### Action item
Repeat the data that follows exactly, starting at the line with "Text conversation about" and ending at the line with "Cover page: Modest", and leave out every picture.

### Dataset entries
◆ ◆ ◆ ◆ ◆ ◆ ◆

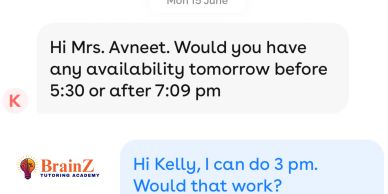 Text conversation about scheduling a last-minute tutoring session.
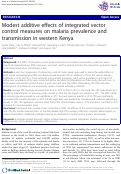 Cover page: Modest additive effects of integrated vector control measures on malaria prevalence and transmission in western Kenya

◆ ◆ ◆ ◆ ◆ ◆ ◆

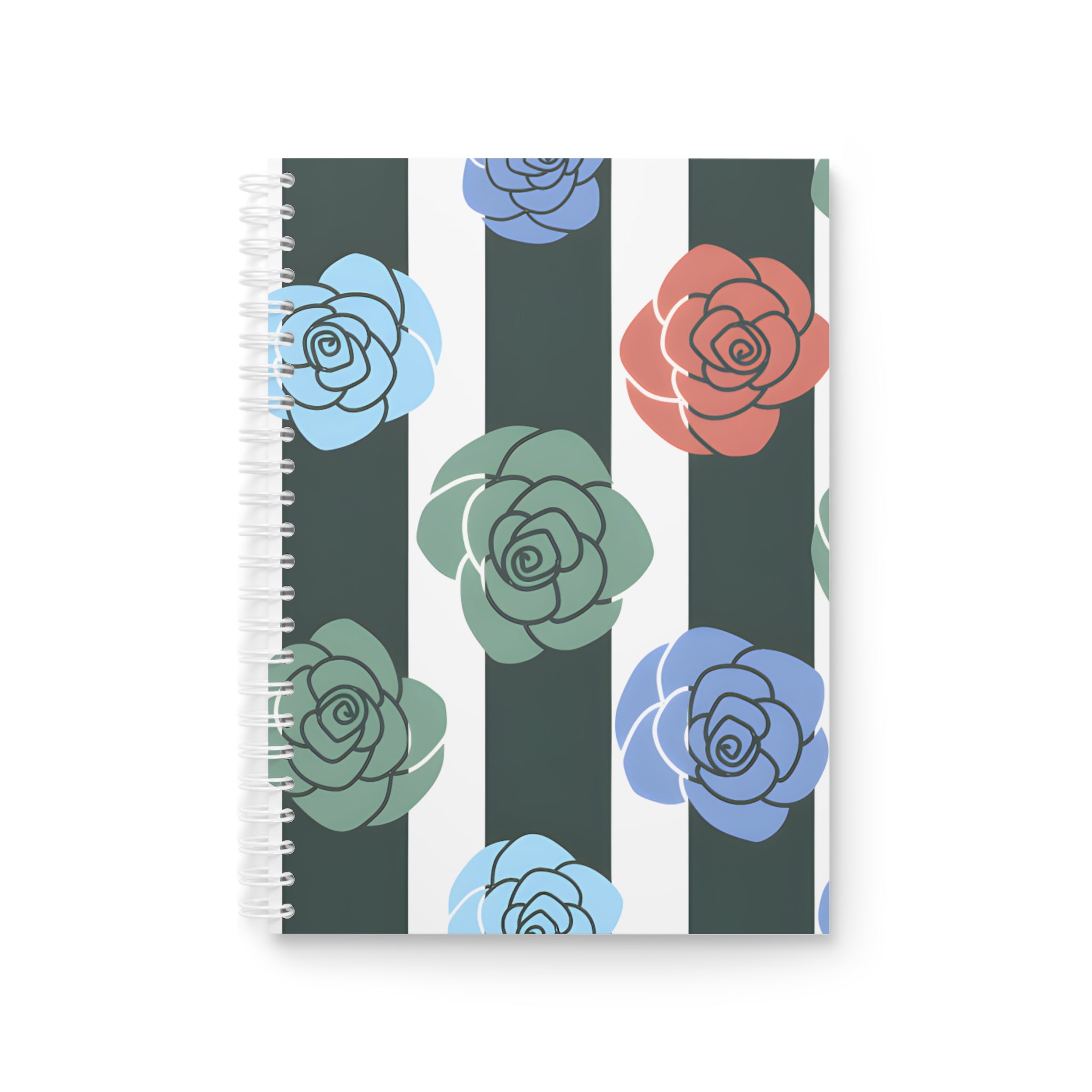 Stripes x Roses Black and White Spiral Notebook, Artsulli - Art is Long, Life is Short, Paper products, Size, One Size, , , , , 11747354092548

◆ ◆ ◆ ◆ ◆ ◆ ◆

### Task answer
 Text conversation about scheduling a last-minute tutoring session.
 Cover page: Modest additive effects of integrated vector control measures on malaria prevalence and transmission in western Kenya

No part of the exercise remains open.